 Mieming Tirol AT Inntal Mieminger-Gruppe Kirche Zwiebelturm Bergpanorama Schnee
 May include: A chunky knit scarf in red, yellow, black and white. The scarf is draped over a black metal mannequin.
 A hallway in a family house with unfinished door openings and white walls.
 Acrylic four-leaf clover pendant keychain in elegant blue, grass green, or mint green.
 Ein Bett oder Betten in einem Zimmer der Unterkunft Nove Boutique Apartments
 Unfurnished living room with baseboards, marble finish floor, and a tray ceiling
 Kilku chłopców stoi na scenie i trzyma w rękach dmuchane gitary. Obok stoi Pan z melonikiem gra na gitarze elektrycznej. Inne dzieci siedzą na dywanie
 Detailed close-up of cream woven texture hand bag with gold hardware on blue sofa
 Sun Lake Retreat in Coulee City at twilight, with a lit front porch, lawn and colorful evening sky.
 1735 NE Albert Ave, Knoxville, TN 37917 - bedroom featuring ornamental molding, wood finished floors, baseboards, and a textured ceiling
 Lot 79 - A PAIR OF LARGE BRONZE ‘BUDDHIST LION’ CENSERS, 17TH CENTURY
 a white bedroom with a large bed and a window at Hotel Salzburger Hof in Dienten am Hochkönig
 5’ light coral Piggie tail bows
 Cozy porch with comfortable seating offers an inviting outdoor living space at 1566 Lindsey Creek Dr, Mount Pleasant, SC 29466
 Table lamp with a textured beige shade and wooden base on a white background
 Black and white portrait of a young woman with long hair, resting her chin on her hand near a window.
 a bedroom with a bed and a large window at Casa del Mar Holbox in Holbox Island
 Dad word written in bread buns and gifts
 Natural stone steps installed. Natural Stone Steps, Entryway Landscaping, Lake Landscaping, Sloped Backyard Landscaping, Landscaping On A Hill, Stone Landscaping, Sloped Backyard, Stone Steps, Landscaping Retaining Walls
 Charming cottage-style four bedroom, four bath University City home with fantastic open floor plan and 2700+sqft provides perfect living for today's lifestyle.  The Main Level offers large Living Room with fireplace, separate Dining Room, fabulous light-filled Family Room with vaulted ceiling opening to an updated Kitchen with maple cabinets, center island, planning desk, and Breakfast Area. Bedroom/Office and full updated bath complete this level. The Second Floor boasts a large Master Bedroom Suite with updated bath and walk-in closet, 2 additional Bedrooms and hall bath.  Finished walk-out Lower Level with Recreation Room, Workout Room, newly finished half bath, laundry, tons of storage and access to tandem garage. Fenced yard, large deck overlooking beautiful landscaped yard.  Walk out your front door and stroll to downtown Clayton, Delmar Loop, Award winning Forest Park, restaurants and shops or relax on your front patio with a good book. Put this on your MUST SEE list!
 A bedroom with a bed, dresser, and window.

### Prompt
Within the listing above, find every line containing the string "City" and return it.

### Solution for this task
 Sun Lake Retreat in Coulee City at twilight, with a lit front porch, lawn and colorful evening sky.
 Charming cottage-style four bedroom, four bath University City home with fantastic open floor plan and 2700+sqft provides perfect living for today's lifestyle.  The Main Level offers large Living Room with fireplace, separate Dining Room, fabulous light-filled Family Room with vaulted ceiling opening to an updated Kitchen with maple cabinets, center island, planning desk, and Breakfast Area. Bedroom/Office and full updated bath complete this level. The Second Floor boasts a large Master Bedroom Suite with updated bath and walk-in closet, 2 additional Bedrooms and hall bath.  Finished walk-out Lower Level with Recreation Room, Workout Room, newly finished half bath, laundry, tons of storage and access to tandem garage. Fenced yard, large deck overlooking beautiful landscaped yard.  Walk out your front door and stroll to downtown Clayton, Delmar Loop, Award winning Forest Park, restaurants and shops or relax on your front patio with a good book. Put this on your MUST SEE list!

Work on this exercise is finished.